The tools infrastructure 34 includes managing systems (MS) 50, collaboration tools (CT) 52, and non-infrastructural elements (NE) 54, as non-limiting examples. Managing systems 50 are tools used to actually manage and/or operate the customer infrastructure. Some of these tools may require their own system and software infrastructure. For example, patch management tools often require a set of servers (e.g. staging servers, database servers) and software (e.g. agents) to perform their operations. Whether these tools should be in a redundant configuration depends on the tool function and operation. For instance, if the staging and database servers do not maintain critical state, new machines could potentially be configured and deployed if existing ones fail. Non-limiting examples of collaboration tools 52 used in the operation of processes include Lotus Notes® and Sametime®. Since inter/intra-team interaction is usually a critical dependency in processes, it is often preferable that such tools be deployed in a redundant configuration. Apart from the infrastructure, the operation of individual tools is preferably studied to determine if the tool performs remote operations that need to be atomic, but can be interrupted due to a failure. In such cases, resiliency may involve building transactional semantics (e.g. “soft commit”) into the tools.
Access to the customer, their infrastructure and tools (e.g. via an access interface 36) primarily requires ensuring the redundancy of the data and voice networks. Best practices in this domain can often be delegated to the network service providers that offer connectivity with redundancy and automatic failover built-in. Access may be evaluated end-to-end for a given process. In many cases, guarantees on redundant network connectivity may not be end-to-end. For example, a GDC handling a process for a remote customer may be connected to the customer infrastructure through another domestic location. While there may be a redundant network between the two locations, and also between the domestic location and the customer, the outage of the domestic location may break the connectivity. In this case, ensuring redundant connectivity involves ensuring that another intermediate location is available between the GDC and the customer. In ensuring resilient connectivity for a process, it is desirable to consider all the paths between its distributed role players, tools and infrastructure components. In contrast, by addressing resilient connectivity within a local context, one only ensures that individual deli-very locations have redundant network connectivity to the customer and to other locations.
People and skills 38 availability is a natural and key aspect of process resiliency. Unavailability of resources with specific roles can adversely impact the performance of a process. Ensuring skills resiliency may be done formally by using a skills database that can be consulted to find and deploy personnel with similar skills, potentially available from another process or delivery location.
Delivery center facilities 40 naturally play a key role in the resiliency of processes. Site business continuity planning (BCP) may address these issues in a systematic and formal manner.
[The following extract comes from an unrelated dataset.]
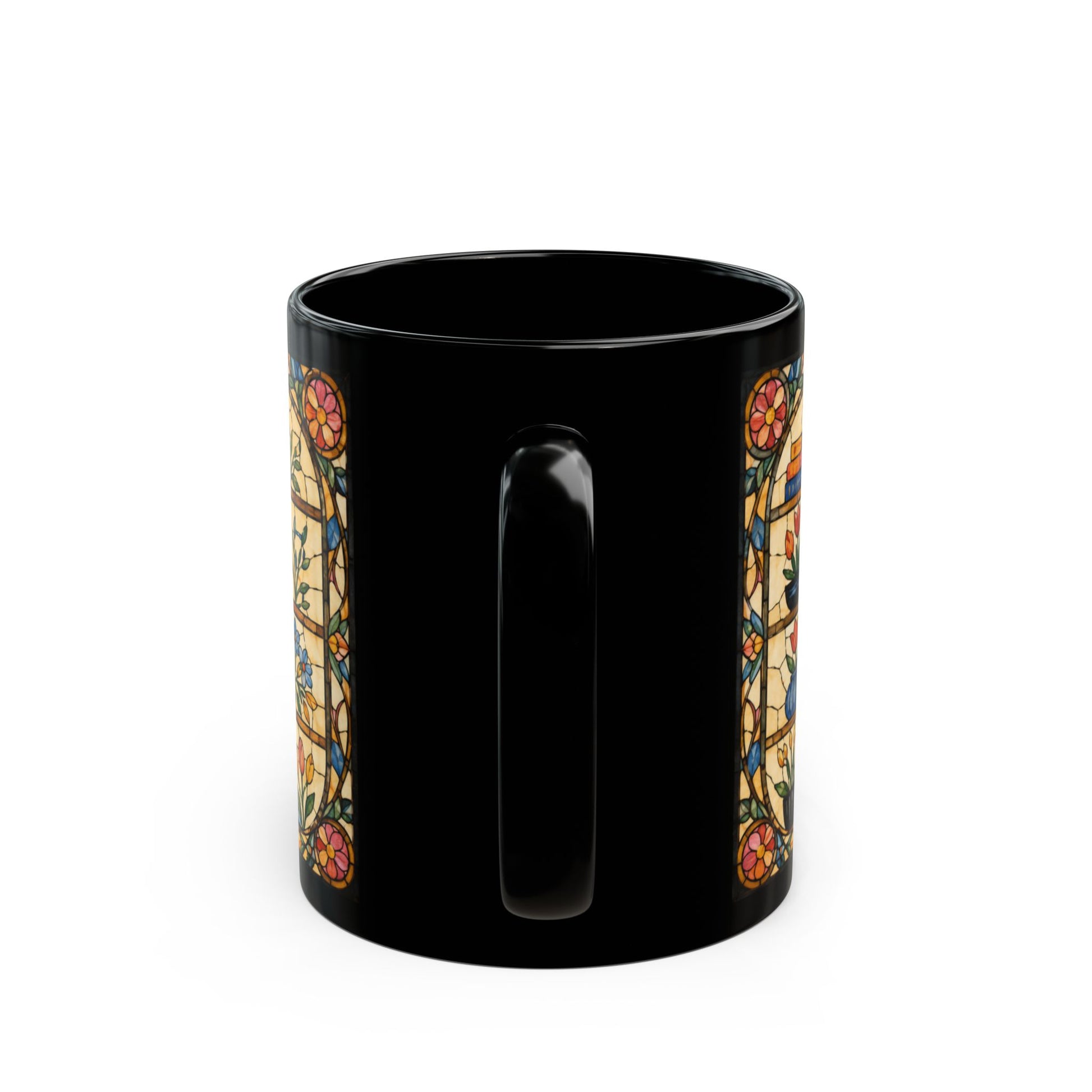 Black mug with stained glass floral border design on both sides.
The data processing system 42 can be implemented using a computer or a computer program product (e.g. computer software), as non-limiting examples. As further non-limiting examples of an implementation utilizing a computer, one or more data processors may be employed either in a localized arrangement, a distributed arrangement connected by one or more networks, or a combination thereof.
As individual processes are assessed for resiliency along these dimensions, one may incrementally build up a knowledge base for the delivery infrastructure, configuration and skills. As shown in
One aspect of ensuring end-to-end access resiliency resides in ensuring that redundant connections are in fact robust at all levels. For example, circuits from diverse network providers in a domestic network may appear to provide multiple backup paths in case of a failure on the primary path when viewed at the network or transport layer. However, these circuits may in fact share the same fiber link, making the fact that they are provided by different ISPs immaterial for the purpose of resiliency. Hence, it is important to consider even the physical layer topology when evaluating network resiliency.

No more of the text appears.